You know us, we can’t leave a table like the one Cerebras and Cirrascale created alone, and so we have done a little math on the cost per parameter as well as tokens per day processed and dollars per day spent. We also took a stab at figuring out the price and performance of the three largest models – GPT NeoX, GPT 70B, and GPT 175B – running on an Andromeda-class machine with 16 CS-2 nodes instead of the four CS-2 nodes shown in the original table.

These Jump Factors that we put in need to be explained. Ultimately, what we all want to know is how the days to train and the price jumped with each GPT model expansion, and then we want to know how we can scale the iron so we can speed up the time to train. The Jump Factors calculate the delta moving from one GPT model up to the next one, and we are skipping the T-5 11B model exceot as it compares to the GPT-3 6.7B run. (The T5 transformer model from Google shown in the chart is not a GPT-3 model but is an LLM.) So the jump to GPT-3 13B is compared to GPT-3 6.7B, not the T-5 11B run. And so forth.

At the low-end of GPT-3 parameter scale on a four-node CS-2 cluster, boosting the parameter count some introduces a much larger training time than you might expect. Moving from 1.3 billion parameters to 6 billion parameters is a 4.6X increase in data, but it results in a 20X increase in training time. Moving from 6.7 billion to 13 billion parameters is another 1.9X increase, but training time jumps by 3.5X. With the GPT NeoX run, parameters go up by 1.5X, but training time only goes up by 1.2X. So this is not precisely linear as models increase in size.

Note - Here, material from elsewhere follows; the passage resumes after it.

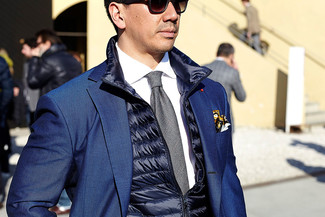 С чем носить темно-серый галстук мужчине осень: Темно-синяя стеганая куртка без рукавов в сочетании с темно-серым галстуком поможет воплотить строгий деловой стиль. Привлекательный осенний образ, подобный этому — один из самых быстрых способов поднять себе настроение и зарядиться позитивом даже в непогожий осенний день.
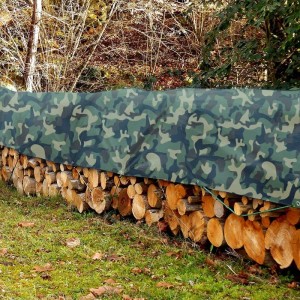 KARAT Abdeckplane Camouflage 1,5x6m zum Schutz von Holzstapel im Garten.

As we discussed earlier this month, the CS-2 machines scale nearly linearly. Four nodes almost twice the work of two nodes, eight nodes almost twice the work of four nodes, and sixteen nodes almost twice the work of eight nodes. When we asked if the price also scaled linearly, Feldman said that didn’t seem fair, which is true enough for NUMA architectures, which get more expensive as you scale up. Feldman suggested “four times the performance for five times the price” was a good way to think about how sixteen CS-2 nodes compare to four nodes.

We do not know if this algorithm would scale down to two or one node setups, chopping 20 percent off the cost as you scale down the CS-2 cluster sizes. But presumably it would. But then again, why would you try to train for a longer time on a smaller system when you could have a larger one for a shorter time? You would only do that if you were budget constrained and time was not of the essence.

Hence, our guesses on costs outlined above. Clearly, on a four-node cluster, the cost of processing each set of parameters rises as the models get fatter. It is only $1.92 per 1 million parameters for the GPT-3XL model, but at the pricing set by Cerebras and Cirrascale, it is $35.71 for the GPT 70B model. The price per 1 million parameters goes up by 18.6X as the parameter count goes up by 53.8X.

Our guess is that would take about a year to run a 500 billion parameter GPT model on a four-node CS-2 cluster, and across a 16-node cluster, you might be able to do 2 trillion parameters in a year. Or, based on our estimates, that would let you train from scratch a GPT 175B from scratch more than 13 times – call it once a month with a spare. So that is what you would get for forking out $30 million to have your own Andromeda CS-2 supercomputer. But renting 13 GPT 175B training runs might cost you on the order of $142 million if our guesstimates are right about how pricing and performance will scale up on the AI Model Studio service scales.

And so, some people will rent to train, and then as they need to train more and also train larger models, the economics will compel them to buy.